Fig. 2.

Scc2 dephosphorylation promotes amino-terminal cleavage. (A) Scc2-FLAG, immunopurified from asynchronously growing (1891-32C) cells, was incubated with WCE of untagged (1891-36D) cells staged at specific cell cycle intervals (indicated by min postαF release) or with pooled and boiled WCE. Following extensive washing, Scc2-FLAG species were analyzed via immunoblot (Upper). The ratios of slower:faster migrating forms of Scc2 were determined by using the immunoblot and plotted (Lower). (B) WCE of asynchronously growing Scc2-FLAG (1891-32C) cells was treated with lambda phosphatase or mock treated and analyzed by immunoblot using FLAG [Left (Upper and Lower are long and short exposures, respectively)] or a rabbit anti-Scc2 against the Scc2 amino terminus (Upper Right).

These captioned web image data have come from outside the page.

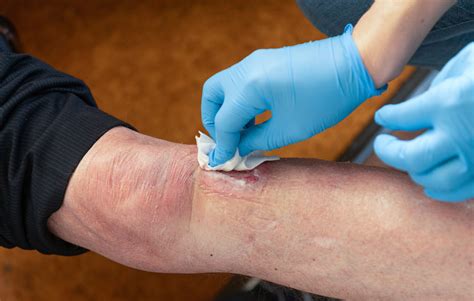 Wondifectie, het verschil tussen infectie en inflammatie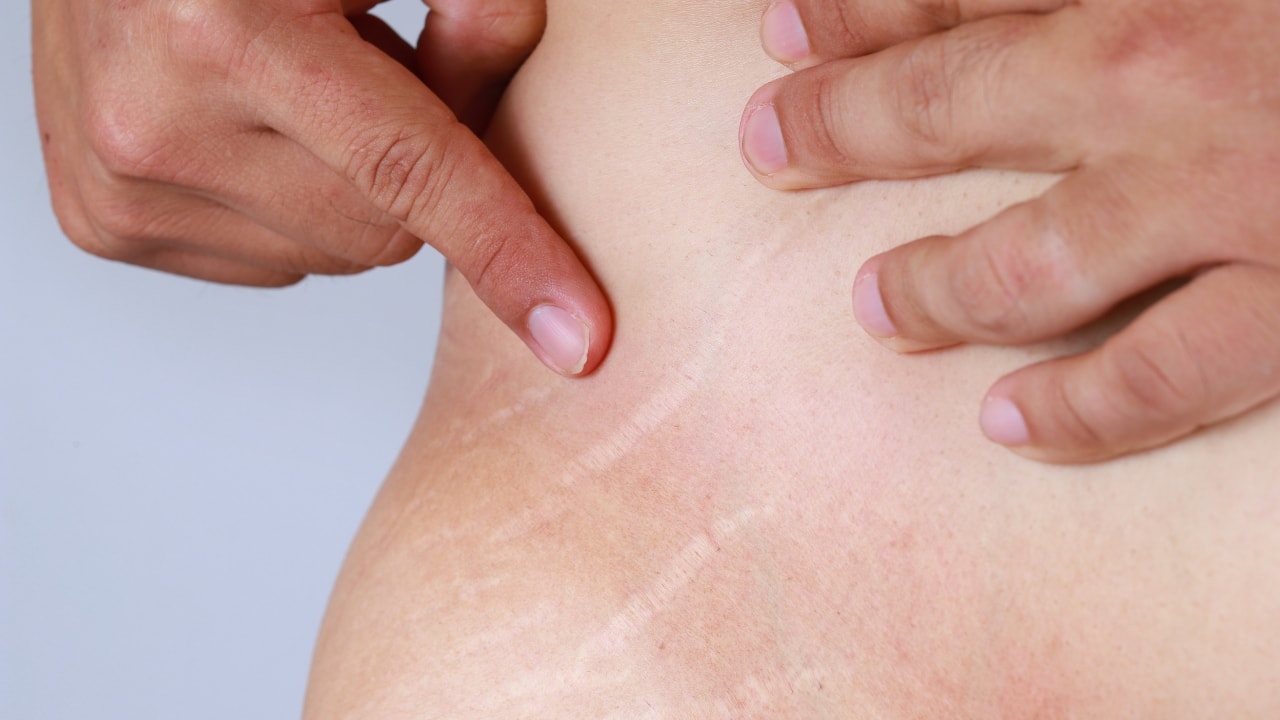 Stretch marks killing your confidence? Follow these tips to get rid of those pesky streaks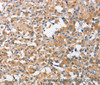 Immunohistochemistry of paraffin-embedded Human thyroid cancer tissue using CCL4 Polyclonal Antibody at dilution 1:40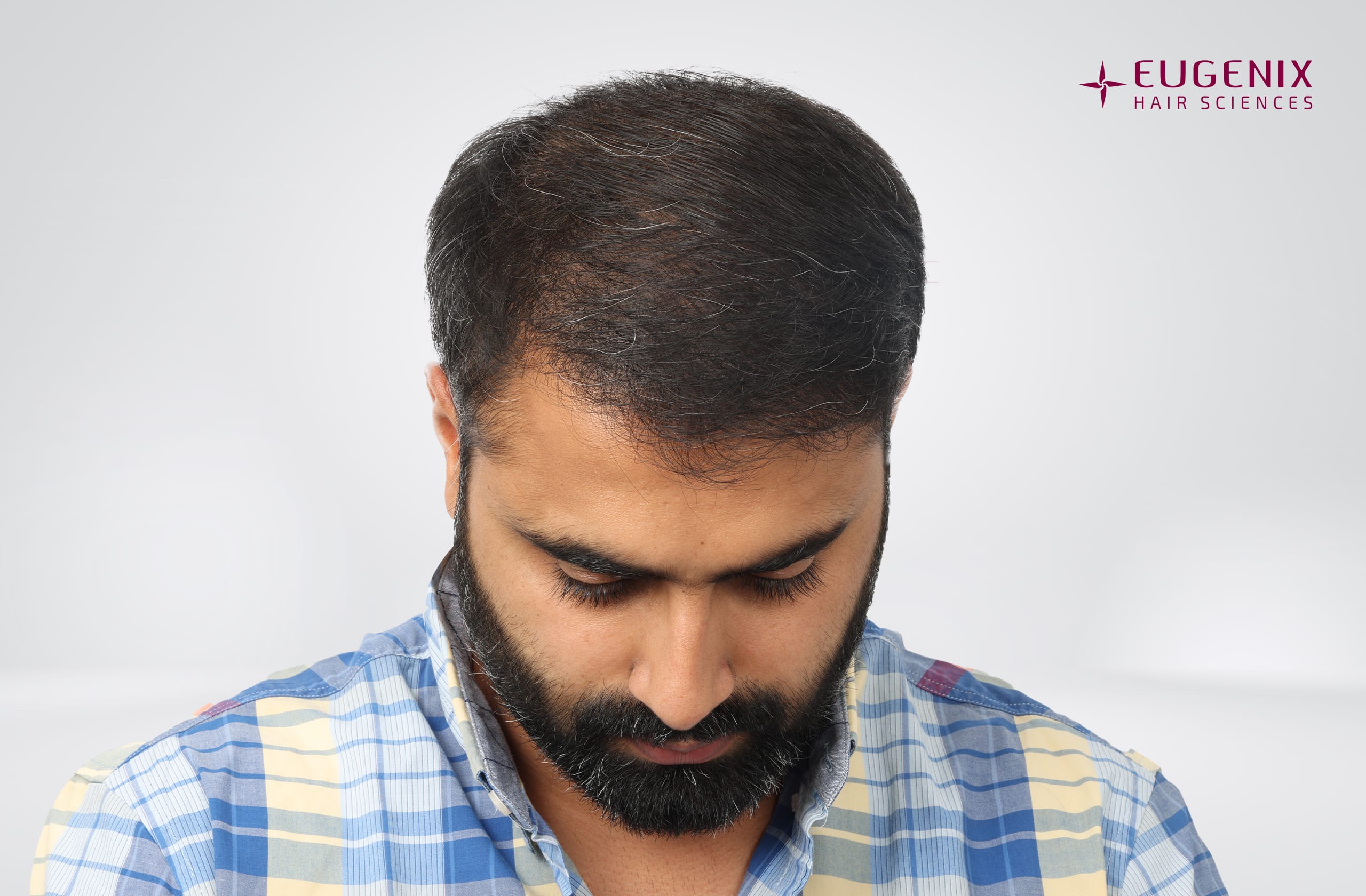 Tushar Naidu After Head Down copy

Lower Right is a reprobing of the third image with FLAG. Carets, arrows, and asterisks indicate phosphorylated, full-length, and cleaved species of Scc2, respectively. (C) Scc2-FLAG immunopurified from WCE of asynchronously growing Scc2-FLAG cells (1891-32C) was treated with λ phosphatase before, or after, its isolation, and Scc2 species distributions were then determined by FLAG immunoblot.